« Adieu au langage » de Jean-Luc Godard est en quelque sorte un mélange des films « Le mépris » et « Lassie ». C'est un commentaire typiquement vigoureux, ludique et mordant sur tout, depuis l'état des films dans le monde jusqu'à l'état de l'univers du plus vieil enfant terrible du cinéma français. Son titre, bien que ce soit le 39ème long métrage de Godard, prouve que son réalisateur a encore beaucoup de choses à dire et plusieurs manières de le dire. Cela se remarque dans sa libre utilisation des formats de vidéos multiples ainsi que par ses expériences radicales en 3D. Pendant 69 minutes hautes en intensité qui semblent être une injection d'adrénaline dans le cerveau, « Adieu au langage » réaffirme continuellement qu'aucun réalisateur n'a fait plus pour tester et réaffirmer les possibilités des images animées durant les dernières cinquante années de cette forme d'art.
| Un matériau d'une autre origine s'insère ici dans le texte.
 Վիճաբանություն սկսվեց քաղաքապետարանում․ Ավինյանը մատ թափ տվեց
Tout le monde, hormis ceux qui auraient voulu que Godard n'ait jamais pris part aux événements de 1968, devrait tirer beaucoup de plaisir du résultat, qui a suscité une forte demande lors du festival et des circuits cinémathèques qui ont suivi sa première à Cannes.
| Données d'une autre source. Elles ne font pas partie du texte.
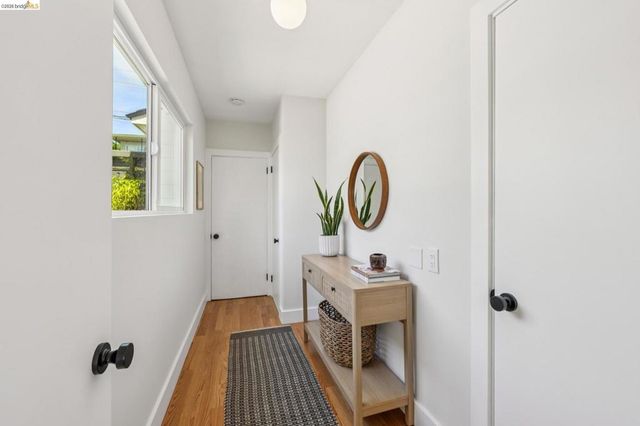 218 Cambridge Ave, Kensington, CA 94708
Pour la première apparition de Godard à Cannes, depuis sa participation de 2001 avec le film « Éloge d'amour », « Adieu au langage » offre aux téléspectateurs un point d'entrée légèrement plus accessible que « Film Socialisme » de 2010 (avec ses célèbres sous-titres dissimulés en anglais), car il retrace librement les hauts et les bas d'un couple dans une relation d'adultère, un scénario que Godard avait précédemment exploré dans plusieurs de ses films des années 60, dont « Le mépris » et « Une femme mariée ». Comme l'a décrit le réalisateur lui-même dans le résumé du film : « Le propos est simple : Une femme mariée et un homme libre se rencontrent. Ils s'aiment, se disputent, les coups pleuvent ». Bien sûr, rien n'est aussi simple avec Godard, et cela s'explique par la fin de « Adieu au langage » sorti en DVD le 11 février 2015, où l'on se demande si nous avons suivi un couple, deux couples ou deux versions du même couple.
Au début du film, il est inscrit « Ceux qui manquent d'imagination se réfugient dans la réalité », et ce qui a suivi pourrait bien, d'après l'esprit aphoristique de Godard, être décrit comme une descente dans la réalité de l'imagination du réalisateur. Dans un épisode d'ouverture du film « Adieu au langage », nous nous retrouvons à l'extérieur d'une industrie de gaz où un antiquaire vend des ouvrages de Dostoevsky et de Solzhenitsyn pendant que les spectateurs blasés cherchent les noms sur Google depuis leurs iPhones.